Abbiamo tutti visto film e letto storie dove le differenze tra Nord e Sud Italia vengono esaltate, portate allo stremo e ricondotte ad una morale che ci insegna a capire qualcosa in più su noi stessi, sugli altri, sulla bellezza della diversità.

A Firenze, nella casa dove viviamo io (Nord) e le mie tre coinquiline (Sud) non è così.

Noi non siamo interessate né alla morale, né alle conclusioni proficue.

I nostri sono scontri dove non si fanno prigionieri, non si conquista e nemmeno si perde territorio, le nostre sono storie a fondo cieco e tutte le discussioni finiscono puntualmente con un ritornello che dice: “Niente ha senso, che vita di merda”.

È buio, fa freddo. Nessuno ha più il coraggio di muoversi e l’unica luce accesa brilla di un giallo ammalato, che si appoggia sulle linee de nostri corpi rattrappiti. Insomma, siamo in cucina.

“Raga dopo volevo fare la maschera con il miele ma guardate,”dice Alessia scuotendo il barattolo di plastica, “è congelato!”.

“Dovresti provare a scioglierlo con il phon”.

“Si, eccola!” esordisce Sara dopo cinque minuti passati a fissare un fantasma nella stanza.

“Come con il tuo computer, eh? Bella idea!”.

“Senti il mio computer è un’altra storia, non riparliamone per favore, ancora non sono pronta a fare i conti con i miei errori”.

“A proposito di errori, ma il messaggio di oggi?” chiede Sara ad Alessia guardandola di sottecchi.

“Uhhh… Che messaggio?” Martina fraintende il suo sguardo e sgrana volontariamente gli occhi, come un paparazzo che ha appena fiutato l’odore di una nuova notizia.

“Allora, partiamo dal presupposto che non è quello che pensi. Ma se io ti scrivessi: Dimmi un tema che incute timore e allo stesso tempo sicurezza. Cosa risponderesti?”.

“Si vabbè ma tanto Selene risponde la morte.” dice Alessia sbuffando.

“Vero, è la morte.”

Sara mi guarda e inizia a ridere. “Oddio, vuoi sapere che ha risposto Alessia?” 

Alessia sbuffa di nuovo, sbatte il miele sul tavolo.

Poi alza gli occhi al cielo e si ferma con la testa così, per un attimo.

“Ho risposto l’amore! Va bene?! L’amore! Ma sta stronza ha sbagliato a scrivere. Tema doveva essere font”.

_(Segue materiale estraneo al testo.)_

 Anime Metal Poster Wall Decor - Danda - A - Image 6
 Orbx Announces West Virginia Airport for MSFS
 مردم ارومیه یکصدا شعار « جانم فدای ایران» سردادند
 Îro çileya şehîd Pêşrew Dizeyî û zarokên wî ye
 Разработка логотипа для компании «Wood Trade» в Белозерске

“Tutto amore sprecato” conclude Martina con una smorfia nauseata, un po’ perché sapeva di aver detto una cosa vera e un po’ perché le era rimasto in bocca l’amaro di uno scoop mancato.

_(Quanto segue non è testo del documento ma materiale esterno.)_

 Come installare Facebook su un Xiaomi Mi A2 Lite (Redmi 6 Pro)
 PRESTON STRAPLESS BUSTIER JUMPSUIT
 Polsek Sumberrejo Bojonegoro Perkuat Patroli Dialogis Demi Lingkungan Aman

Oppure erano solo i broccoli, chissà.

“Brava, invece la morte non si spreca.”

“Mica è vero, da noi ai funerali si spreca un sacco di cibo” mi corregge Alessia, in cerca di una rivincita. La ottiene, e io continuo a guardarla senza capire, manco fossi innamorata.

“Quando da noi uno muore deve stare a casa fino al giorno del funerale. La bara si tiene nella sua camera e la casa rimane aperta agli ospiti per giorni. La cosa bella è che tutti ti portano da mangiare. Anzi, si cucina a turno e poi si mangia insieme”.

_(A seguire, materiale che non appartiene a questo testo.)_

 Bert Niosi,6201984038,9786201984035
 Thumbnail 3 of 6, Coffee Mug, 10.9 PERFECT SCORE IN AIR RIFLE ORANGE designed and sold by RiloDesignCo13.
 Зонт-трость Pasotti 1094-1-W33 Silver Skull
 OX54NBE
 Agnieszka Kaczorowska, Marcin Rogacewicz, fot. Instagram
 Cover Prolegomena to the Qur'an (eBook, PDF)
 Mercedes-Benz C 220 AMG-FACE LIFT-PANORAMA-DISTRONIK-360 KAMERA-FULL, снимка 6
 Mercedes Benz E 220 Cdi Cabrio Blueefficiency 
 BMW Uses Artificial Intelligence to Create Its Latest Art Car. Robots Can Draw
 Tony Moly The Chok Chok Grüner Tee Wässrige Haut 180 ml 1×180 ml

“Immagino anche i vicini”.

“Ovviamente” sottolinea Sara con un dito puntato in alto.

“Ma tutta quella gente in casa… Non dà fastidio? Dico io, dopo un funerale vorrai pur farti gli affari tuoi…”.

“No…” riprende Alessia, “forse è un controsenso ma l’idea di fondo è che non bisogna mai lasciare da solo qualcuno che vuol star solo, se ha davvero un motivo valido per volerci rimanere”.

“Tipo la morte?”

“Tipo la morte”

“Quindi si banchetta per tre giorni nella stessa casa dove è il morto. Cioè lui sta là, mettiamo anche per un po’ di giorni, e tu mangi con tutti, mentre lui è morto, a digiuno”.

“Chi more un vide nente e cu arresta s’addiverte!” (Traduzione in italiano: “Chi muore non vede niente e chi rimane si diverte”) sentenzia ancora Martina, ormai persa dentro il cinismo sordo che le delusioni sono solite provocare.

“Ah, ecco. Quindi non solo quando sei ancora vivo, pure al tuo funerale tutti ti prendono indirettamente per il culo”.

“Vabbè Selé,” dice Sara indicandomi con il palmo aperto, come un conduttore che sta per presentare al pubblico la riposta giusta, “torniamo sempre lì!”.

“Hai ragione. Niente ha senso, che vita di merda”.